For manufacturers that are using digital systems in a manufacturing operations management (MOM) ecosystem, aggregate planning is a capability of an advanced planning and scheduling (APS) system. As a methodology, aggregate production planning can be performed using paper-based, spreadsheet or homegrown software solutions. However, the growing complexity of products, production operations, and supply chains have substantially increased the variety and volume of information to be considered in aggregate planning. Therefore, manufacturers are trending toward greater employment of APS systems for their aggregate planning needs.

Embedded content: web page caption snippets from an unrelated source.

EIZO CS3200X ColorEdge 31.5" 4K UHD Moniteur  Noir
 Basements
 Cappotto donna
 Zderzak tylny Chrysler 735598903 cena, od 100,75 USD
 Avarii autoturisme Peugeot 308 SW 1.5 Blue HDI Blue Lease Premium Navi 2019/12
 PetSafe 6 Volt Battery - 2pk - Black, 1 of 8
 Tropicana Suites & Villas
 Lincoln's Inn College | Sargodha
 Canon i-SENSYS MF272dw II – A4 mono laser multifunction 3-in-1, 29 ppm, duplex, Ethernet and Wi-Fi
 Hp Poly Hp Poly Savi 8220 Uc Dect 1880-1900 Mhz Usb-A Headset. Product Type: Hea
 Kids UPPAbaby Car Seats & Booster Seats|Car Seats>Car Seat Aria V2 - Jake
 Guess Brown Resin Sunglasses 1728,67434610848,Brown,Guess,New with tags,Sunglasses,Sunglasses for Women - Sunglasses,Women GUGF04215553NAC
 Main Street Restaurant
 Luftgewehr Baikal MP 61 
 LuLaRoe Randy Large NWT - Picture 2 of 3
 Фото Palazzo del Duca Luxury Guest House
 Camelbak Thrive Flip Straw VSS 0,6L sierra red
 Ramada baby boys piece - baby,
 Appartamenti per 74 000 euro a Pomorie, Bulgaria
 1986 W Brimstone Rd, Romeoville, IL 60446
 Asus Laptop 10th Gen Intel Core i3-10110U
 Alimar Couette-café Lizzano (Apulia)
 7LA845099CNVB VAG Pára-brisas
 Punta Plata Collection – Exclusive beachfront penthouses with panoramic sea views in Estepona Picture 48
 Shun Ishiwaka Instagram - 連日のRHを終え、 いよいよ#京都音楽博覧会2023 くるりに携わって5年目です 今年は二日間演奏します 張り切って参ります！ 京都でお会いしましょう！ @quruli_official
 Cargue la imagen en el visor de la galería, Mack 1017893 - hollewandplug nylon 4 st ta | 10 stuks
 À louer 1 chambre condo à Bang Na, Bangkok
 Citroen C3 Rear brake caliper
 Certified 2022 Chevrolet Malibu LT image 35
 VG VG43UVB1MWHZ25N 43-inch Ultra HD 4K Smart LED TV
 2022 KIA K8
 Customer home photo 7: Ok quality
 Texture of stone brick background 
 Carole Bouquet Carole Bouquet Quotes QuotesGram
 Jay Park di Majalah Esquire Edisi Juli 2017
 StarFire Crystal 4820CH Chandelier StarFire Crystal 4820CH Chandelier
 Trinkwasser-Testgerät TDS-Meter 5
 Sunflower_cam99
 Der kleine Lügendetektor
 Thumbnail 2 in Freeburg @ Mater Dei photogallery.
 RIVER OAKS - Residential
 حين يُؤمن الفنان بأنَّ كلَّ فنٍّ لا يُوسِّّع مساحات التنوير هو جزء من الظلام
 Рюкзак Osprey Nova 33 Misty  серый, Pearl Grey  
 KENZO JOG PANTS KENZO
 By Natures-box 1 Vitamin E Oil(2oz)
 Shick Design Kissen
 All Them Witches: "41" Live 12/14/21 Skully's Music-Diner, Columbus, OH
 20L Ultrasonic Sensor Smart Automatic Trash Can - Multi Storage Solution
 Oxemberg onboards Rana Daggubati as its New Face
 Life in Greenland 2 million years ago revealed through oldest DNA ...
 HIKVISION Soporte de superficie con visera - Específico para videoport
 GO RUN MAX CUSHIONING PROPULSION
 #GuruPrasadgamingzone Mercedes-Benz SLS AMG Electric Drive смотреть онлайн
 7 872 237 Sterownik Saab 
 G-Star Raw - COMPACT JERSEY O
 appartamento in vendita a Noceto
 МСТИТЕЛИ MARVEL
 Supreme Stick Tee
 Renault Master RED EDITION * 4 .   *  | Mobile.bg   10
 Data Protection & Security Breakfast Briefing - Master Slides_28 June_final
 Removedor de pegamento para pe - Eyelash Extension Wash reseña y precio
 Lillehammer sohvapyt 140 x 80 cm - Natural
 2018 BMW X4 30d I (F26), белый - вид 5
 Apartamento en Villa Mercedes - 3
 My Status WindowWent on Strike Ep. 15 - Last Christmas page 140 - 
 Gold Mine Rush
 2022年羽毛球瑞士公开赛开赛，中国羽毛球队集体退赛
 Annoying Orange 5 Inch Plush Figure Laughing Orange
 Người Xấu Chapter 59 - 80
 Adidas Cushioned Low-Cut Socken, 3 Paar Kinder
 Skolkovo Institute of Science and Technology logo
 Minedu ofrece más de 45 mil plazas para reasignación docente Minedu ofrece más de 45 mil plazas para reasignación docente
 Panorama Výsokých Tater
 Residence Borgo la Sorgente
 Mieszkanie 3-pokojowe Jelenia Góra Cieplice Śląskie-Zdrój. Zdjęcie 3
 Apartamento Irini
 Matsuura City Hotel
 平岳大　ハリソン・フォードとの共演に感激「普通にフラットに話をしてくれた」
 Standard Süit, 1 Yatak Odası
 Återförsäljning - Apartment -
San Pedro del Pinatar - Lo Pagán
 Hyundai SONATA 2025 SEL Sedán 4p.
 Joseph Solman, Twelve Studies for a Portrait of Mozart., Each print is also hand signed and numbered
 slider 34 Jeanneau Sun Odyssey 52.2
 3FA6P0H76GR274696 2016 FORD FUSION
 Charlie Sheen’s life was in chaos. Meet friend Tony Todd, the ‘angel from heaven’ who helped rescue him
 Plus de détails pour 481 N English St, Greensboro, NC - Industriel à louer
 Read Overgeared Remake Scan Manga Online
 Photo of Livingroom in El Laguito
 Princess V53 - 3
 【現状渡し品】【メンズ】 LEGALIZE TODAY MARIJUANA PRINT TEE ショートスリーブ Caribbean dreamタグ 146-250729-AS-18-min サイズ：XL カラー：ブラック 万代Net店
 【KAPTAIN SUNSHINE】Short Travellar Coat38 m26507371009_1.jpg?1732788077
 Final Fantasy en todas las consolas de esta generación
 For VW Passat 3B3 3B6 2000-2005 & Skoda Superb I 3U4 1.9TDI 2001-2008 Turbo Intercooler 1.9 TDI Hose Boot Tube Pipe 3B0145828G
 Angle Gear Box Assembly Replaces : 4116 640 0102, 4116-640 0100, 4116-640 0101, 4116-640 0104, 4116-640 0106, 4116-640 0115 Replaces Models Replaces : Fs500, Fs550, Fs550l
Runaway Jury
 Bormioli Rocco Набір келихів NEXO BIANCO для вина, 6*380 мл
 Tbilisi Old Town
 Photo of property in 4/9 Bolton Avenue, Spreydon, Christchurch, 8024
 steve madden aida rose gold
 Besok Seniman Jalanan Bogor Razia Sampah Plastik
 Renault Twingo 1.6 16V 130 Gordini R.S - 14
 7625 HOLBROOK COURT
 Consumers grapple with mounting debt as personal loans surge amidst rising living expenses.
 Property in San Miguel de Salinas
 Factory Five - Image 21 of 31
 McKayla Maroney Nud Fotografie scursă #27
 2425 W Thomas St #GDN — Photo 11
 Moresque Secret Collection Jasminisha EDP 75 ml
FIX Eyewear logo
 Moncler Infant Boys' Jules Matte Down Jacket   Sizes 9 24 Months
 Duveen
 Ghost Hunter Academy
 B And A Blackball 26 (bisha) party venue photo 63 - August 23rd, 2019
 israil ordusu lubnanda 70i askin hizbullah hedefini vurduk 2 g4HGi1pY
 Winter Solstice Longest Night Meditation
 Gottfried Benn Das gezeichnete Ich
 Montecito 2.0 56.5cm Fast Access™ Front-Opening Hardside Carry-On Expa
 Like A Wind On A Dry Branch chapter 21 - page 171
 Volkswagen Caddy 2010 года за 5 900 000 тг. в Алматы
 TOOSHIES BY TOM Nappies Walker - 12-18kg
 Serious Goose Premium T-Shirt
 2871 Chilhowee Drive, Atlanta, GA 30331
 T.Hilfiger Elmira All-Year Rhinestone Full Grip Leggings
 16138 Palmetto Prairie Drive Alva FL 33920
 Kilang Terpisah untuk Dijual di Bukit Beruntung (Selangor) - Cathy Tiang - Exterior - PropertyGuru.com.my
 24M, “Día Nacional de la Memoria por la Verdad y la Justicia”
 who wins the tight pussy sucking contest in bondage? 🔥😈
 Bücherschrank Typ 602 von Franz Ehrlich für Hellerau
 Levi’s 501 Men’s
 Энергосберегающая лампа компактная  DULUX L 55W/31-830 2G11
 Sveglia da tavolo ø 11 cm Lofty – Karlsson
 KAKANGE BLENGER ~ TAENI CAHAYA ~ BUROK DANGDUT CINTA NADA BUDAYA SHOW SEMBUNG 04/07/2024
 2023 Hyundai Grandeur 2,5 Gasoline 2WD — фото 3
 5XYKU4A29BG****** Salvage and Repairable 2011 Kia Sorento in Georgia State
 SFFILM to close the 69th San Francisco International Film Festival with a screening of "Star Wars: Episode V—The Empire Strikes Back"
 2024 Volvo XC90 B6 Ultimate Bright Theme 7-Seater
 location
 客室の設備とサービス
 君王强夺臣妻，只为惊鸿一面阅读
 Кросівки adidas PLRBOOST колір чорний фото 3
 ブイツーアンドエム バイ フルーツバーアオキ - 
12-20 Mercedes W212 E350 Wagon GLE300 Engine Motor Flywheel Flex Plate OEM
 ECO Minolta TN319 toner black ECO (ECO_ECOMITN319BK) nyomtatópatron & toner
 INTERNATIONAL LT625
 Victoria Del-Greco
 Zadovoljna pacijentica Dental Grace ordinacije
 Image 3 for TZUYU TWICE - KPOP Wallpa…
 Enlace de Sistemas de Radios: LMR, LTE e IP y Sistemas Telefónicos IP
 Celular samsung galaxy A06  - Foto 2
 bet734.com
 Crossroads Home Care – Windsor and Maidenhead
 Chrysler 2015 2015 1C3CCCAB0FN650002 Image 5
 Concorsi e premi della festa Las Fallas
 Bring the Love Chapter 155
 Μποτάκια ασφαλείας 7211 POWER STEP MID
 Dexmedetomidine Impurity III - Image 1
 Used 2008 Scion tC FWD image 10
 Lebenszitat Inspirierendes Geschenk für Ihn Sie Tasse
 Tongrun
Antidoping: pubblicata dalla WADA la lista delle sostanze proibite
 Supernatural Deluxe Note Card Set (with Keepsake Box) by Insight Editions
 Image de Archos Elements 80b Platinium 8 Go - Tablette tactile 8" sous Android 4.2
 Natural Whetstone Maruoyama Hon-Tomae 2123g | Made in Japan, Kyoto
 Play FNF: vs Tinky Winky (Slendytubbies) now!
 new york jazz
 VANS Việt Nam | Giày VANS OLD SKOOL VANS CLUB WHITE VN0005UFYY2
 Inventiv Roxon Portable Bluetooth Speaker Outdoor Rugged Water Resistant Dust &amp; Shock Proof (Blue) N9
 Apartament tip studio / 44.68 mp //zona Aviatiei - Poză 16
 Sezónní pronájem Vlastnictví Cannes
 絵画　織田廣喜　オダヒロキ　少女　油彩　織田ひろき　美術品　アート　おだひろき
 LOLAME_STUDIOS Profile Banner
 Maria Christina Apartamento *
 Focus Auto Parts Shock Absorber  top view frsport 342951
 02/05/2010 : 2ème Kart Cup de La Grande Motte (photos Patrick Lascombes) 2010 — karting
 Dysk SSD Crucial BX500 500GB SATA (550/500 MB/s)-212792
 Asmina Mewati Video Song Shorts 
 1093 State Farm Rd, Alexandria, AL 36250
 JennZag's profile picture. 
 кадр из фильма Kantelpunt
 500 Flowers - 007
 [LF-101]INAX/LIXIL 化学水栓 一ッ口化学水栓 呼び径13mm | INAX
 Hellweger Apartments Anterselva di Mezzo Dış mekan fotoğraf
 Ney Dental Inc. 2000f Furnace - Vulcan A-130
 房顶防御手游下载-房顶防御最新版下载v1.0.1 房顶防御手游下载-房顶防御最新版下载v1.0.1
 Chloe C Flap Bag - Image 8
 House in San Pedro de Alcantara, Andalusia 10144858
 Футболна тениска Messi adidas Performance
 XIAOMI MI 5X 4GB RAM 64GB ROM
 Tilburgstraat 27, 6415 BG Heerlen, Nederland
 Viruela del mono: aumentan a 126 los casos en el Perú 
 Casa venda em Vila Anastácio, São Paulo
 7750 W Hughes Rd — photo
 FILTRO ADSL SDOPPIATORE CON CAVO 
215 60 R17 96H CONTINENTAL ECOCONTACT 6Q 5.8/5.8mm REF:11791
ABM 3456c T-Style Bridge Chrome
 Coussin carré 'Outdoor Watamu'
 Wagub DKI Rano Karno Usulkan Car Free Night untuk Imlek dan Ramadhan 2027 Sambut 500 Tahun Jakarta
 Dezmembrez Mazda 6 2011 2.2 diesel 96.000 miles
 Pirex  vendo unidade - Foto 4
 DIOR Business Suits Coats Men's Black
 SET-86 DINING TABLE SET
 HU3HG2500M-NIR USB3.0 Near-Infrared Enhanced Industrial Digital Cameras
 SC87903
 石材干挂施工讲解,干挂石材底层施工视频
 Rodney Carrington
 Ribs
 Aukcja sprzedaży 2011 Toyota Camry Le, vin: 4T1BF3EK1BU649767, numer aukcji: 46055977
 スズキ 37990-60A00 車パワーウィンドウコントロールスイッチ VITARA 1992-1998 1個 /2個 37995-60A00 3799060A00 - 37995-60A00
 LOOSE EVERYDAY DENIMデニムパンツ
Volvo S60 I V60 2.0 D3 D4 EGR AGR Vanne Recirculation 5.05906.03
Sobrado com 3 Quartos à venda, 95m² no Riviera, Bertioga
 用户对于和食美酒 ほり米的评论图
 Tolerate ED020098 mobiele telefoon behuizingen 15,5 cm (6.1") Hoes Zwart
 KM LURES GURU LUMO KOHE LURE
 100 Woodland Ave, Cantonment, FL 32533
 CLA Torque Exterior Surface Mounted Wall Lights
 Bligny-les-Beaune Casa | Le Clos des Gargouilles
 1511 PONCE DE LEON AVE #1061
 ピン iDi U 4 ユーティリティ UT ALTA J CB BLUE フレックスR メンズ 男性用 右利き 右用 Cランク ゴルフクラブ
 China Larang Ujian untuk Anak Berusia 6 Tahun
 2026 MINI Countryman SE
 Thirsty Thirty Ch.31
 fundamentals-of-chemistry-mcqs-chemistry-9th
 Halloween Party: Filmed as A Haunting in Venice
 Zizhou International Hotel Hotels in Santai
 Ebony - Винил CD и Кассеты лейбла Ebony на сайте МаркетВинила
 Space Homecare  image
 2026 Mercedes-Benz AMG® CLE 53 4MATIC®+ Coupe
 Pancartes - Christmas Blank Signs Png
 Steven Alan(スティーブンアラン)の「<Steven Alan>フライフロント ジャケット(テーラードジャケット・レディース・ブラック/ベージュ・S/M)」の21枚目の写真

The goal of aggregate planning is to minimize operating costs by matching production demand with production capacity. An aggregate plan specifies what materials and other resources are needed and when they should be procured to minimize cost. The ideal outcome of aggregate planning is to maximize a facility’s productivity at the lowest possible cost to the manufacturer.
With the primary goals of minimizing costs and maximizing profits, the strategic objectives of aggregate planning include:
Minimize inventory investment – Aggregate planning software optimally balances efforts to minimize the cost of inventory management and storage with efforts to ensure sufficient inventory to meet both independent and dependent demands through material resource planning.
Minimize workforce demand and fluctuation – Aggregate planning software uses data from demand forecasts and material resource planning to calculate an optimal workforce plan – one that balances the cost of onboarding/layoffs due to workforce fluctuation with the cost of worker idle time and/or overtime.
Maximize production rates while minimizing fluctuation – Aggregate planning software analyzes production capacity versus demand forecasts to maximize the overall production rate while avoiding periods of idle capacity.
Maximize facility and production equipment utilization – Aggregate planning software accounts for available production equipment and facilities, and targets maximum utilization over the aggregate planning period.
To achieve these objectives, aggregate planning software may employ one of two approaches, or a combination of both. The chase approach attempts to match production capacity with demand. With this approach, a manufacturer adjusts resource procurement and availability to keep up with fluctuations in customer (or make-to-stock) orders. This approach enables a manufacturer to minimize inventory levels and maximize resource utilization, but the manufacturer must contend with costs associated with adjustments to capacity: workforce onboarding and layoffs or underutilized floor space, for example.
The level approach to aggregate production planning, on the other hand, avoids the cost of adjustments by keeping production rates steady. This means that the manufacturer builds up inventory at times of lower demand to be able to fulfill orders during periods of peak demand. Alternatively, the manufacturer may maintain a steady level of workforce and production capacity and ramp up productivity during periods of high demand. In either case, the level approach encounters costs associated with inventory management, idle capacity, workforce idle time and/or overtime, and other expenses associated with fluctuating utilization of resources.
By fulfilling the strategic objectives of aggregate planning, a manufacturer can balance short- and long-term production demands and optimize productivity and profits.